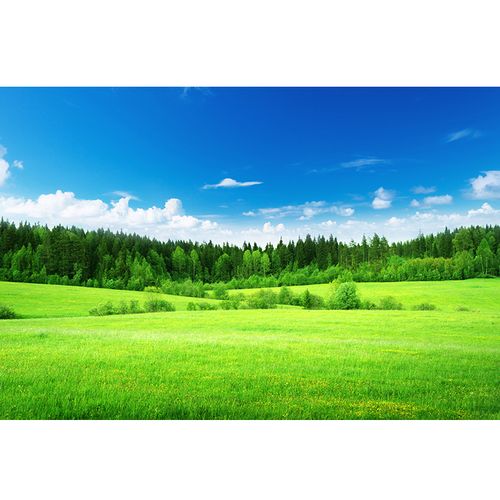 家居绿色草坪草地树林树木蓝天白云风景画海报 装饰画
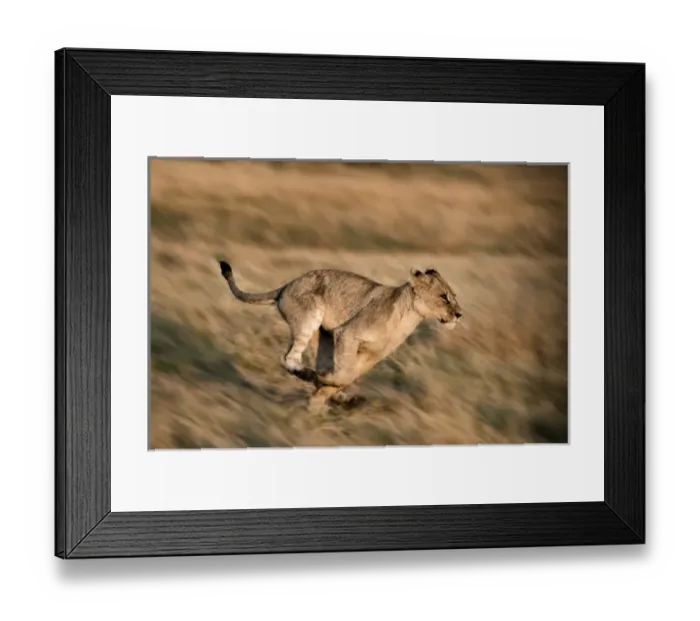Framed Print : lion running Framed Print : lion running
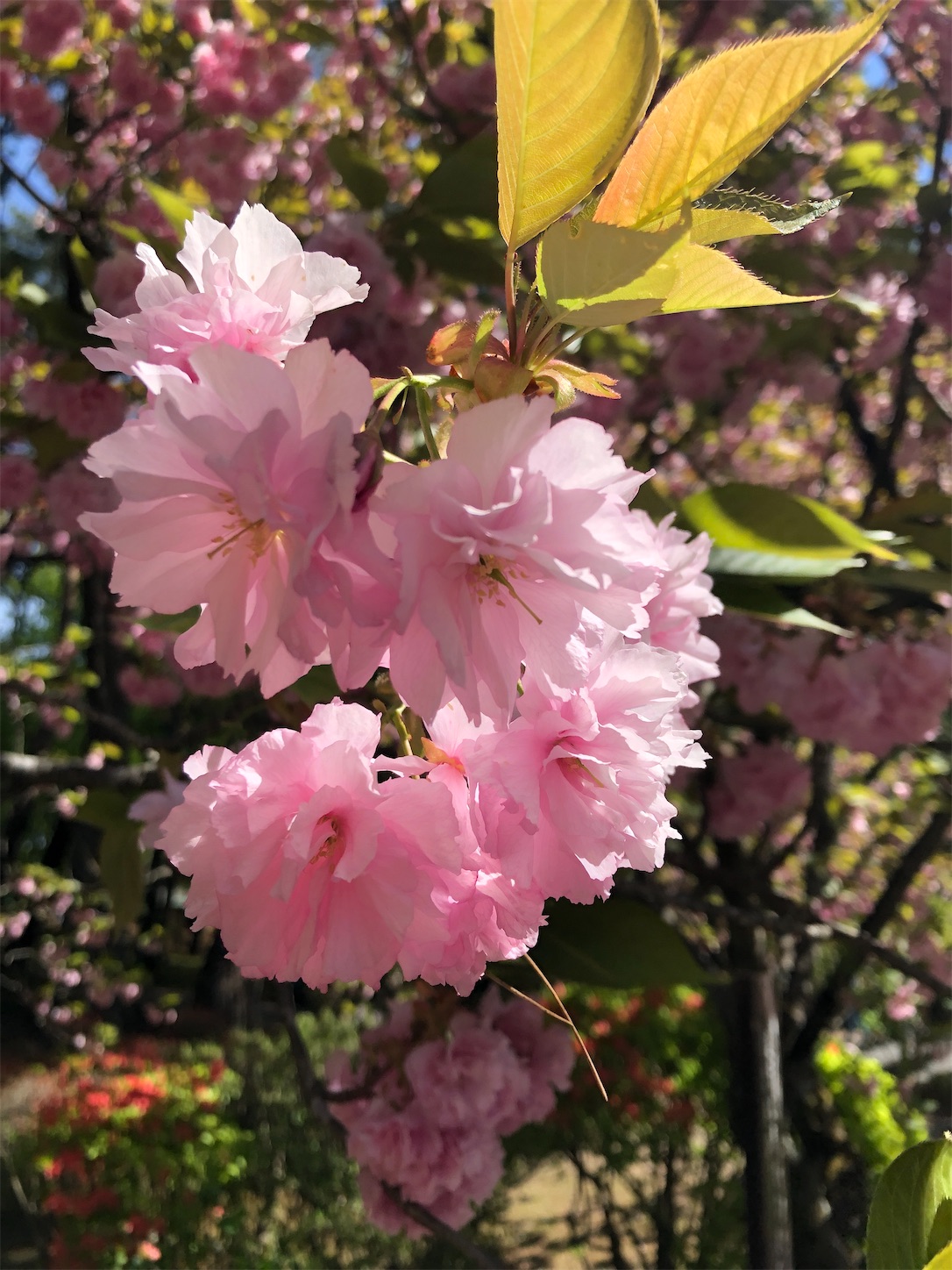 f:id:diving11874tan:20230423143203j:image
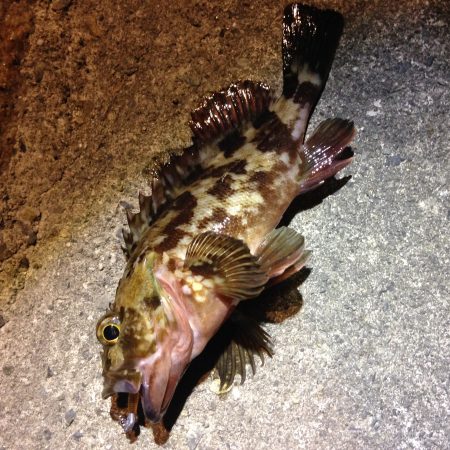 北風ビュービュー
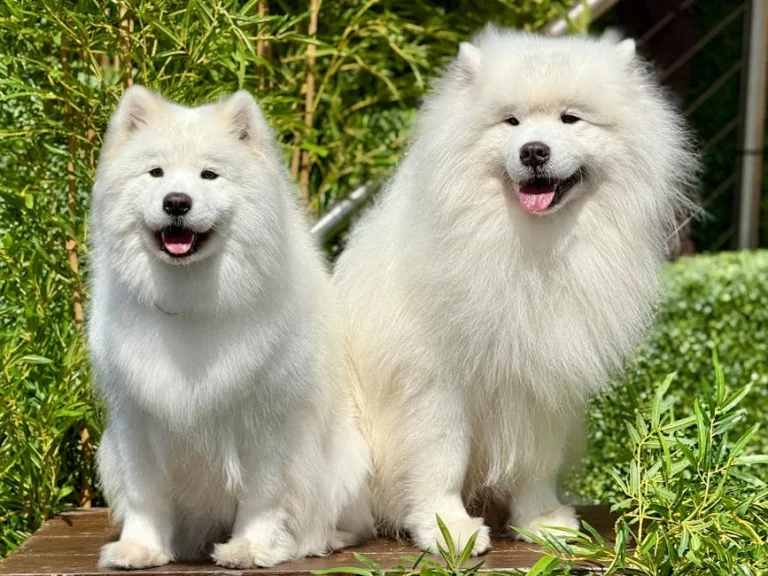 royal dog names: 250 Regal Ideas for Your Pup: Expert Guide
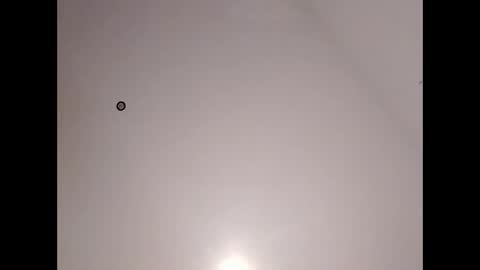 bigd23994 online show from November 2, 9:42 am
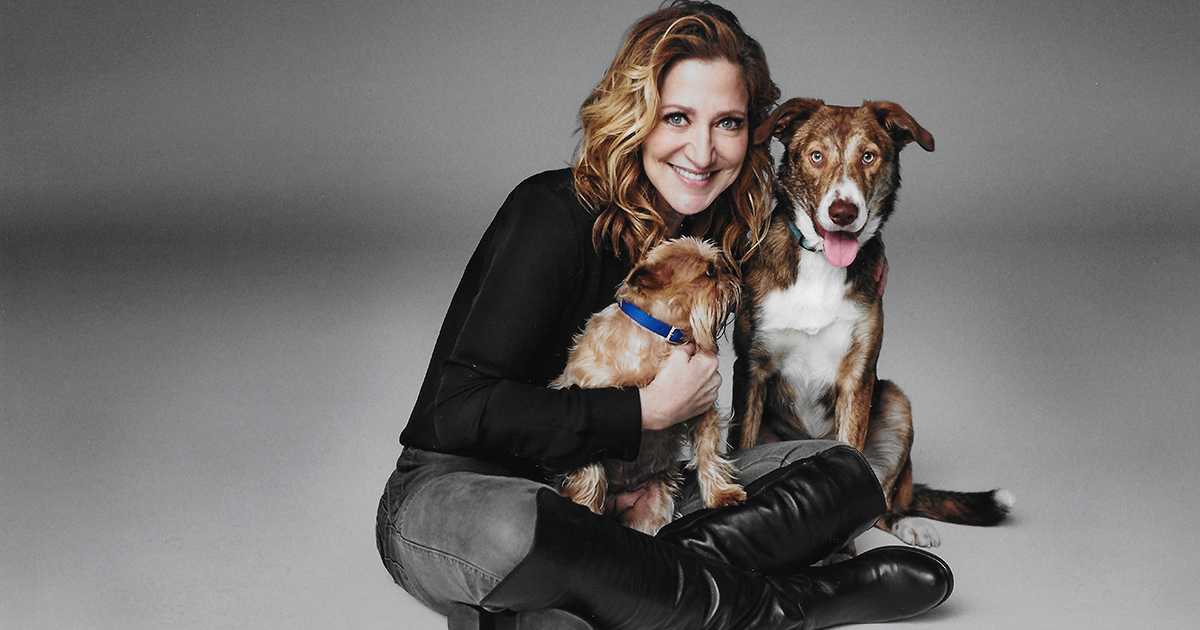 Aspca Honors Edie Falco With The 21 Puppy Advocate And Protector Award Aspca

TASK ITEM >> Leave out the pictures and reproduce the rest of the listing exactly.

RESULT >>
 家居绿色草坪草地树林树木蓝天白云风景画海报 装饰画
Framed Print : lion running Framed Print : lion running
 f:id:diving11874tan:20230423143203j:image
 北風ビュービュー
 royal dog names: 250 Regal Ideas for Your Pup: Expert Guide
 bigd23994 online show from November 2, 9:42 am
 Aspca Honors Edie Falco With The 21 Puppy Advocate And Protector Award Aspca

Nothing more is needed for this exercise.